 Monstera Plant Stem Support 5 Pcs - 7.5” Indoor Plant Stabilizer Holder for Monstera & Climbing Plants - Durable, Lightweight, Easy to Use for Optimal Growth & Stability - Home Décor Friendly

# # # #

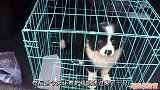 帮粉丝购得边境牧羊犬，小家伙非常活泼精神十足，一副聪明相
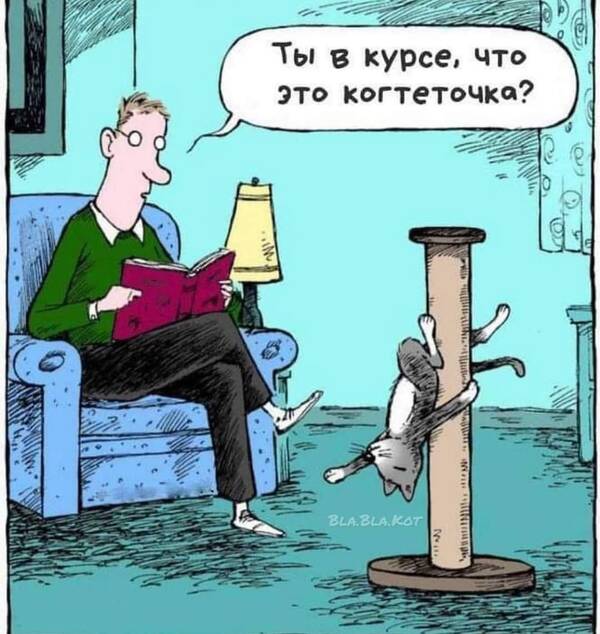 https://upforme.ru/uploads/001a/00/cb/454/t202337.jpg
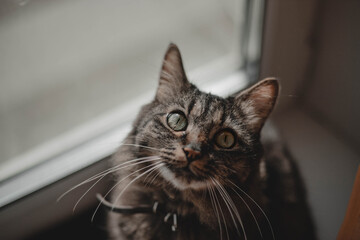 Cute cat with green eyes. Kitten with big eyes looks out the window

# # # #

§ ACTIVITY:
Look above for the line with "帮粉丝购得边境牧羊犬，小家伙非常活泼精神十足，一副聪明相" and the line with "Cute cat with", then copy exactly the lines from the first through the second, both kept, with no pictures.

§ EXERCISE RESULT:
 帮粉丝购得边境牧羊犬，小家伙非常活泼精神十足，一副聪明相
 https://upforme.ru/uploads/001a/00/cb/454/t202337.jpg
 Cute cat with green eyes. Kitten with big eyes looks out the window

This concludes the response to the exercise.